▸ Given entries:

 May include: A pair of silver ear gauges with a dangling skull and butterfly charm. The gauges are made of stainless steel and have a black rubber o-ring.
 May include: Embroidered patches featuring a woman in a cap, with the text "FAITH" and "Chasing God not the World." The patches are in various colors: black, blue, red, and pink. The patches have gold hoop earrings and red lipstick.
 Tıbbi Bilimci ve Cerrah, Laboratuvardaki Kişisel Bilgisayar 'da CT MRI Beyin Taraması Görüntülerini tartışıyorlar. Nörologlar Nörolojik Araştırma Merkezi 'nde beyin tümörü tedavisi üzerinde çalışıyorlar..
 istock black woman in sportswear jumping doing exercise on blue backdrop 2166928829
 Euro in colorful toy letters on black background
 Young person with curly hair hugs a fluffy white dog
==
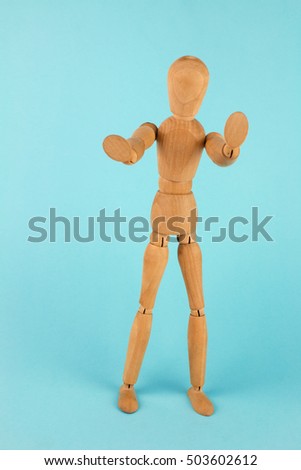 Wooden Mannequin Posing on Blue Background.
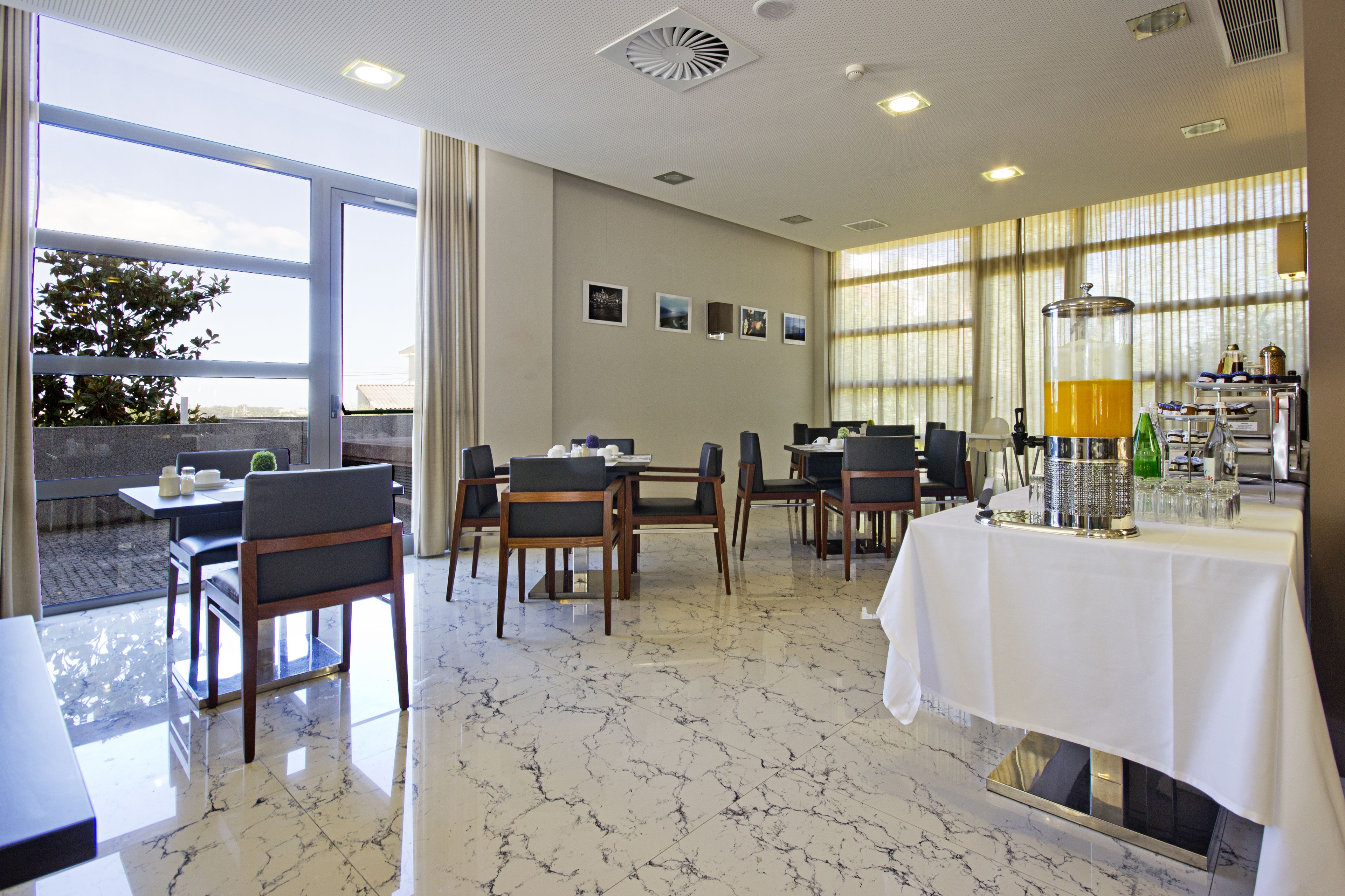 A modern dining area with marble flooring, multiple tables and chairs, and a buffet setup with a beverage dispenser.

▸ What you should do: Within the entries above, give again exactly the lines starting at the one that contains "Wooden Mannequin Posing on Blue Background." and ending at the one that contains "A modern dining", leaving out the pictures.

▸ Exercise result:
 Wooden Mannequin Posing on Blue Background.
 A modern dining area with marble flooring, multiple tables and chairs, and a buffet setup with a beverage dispenser.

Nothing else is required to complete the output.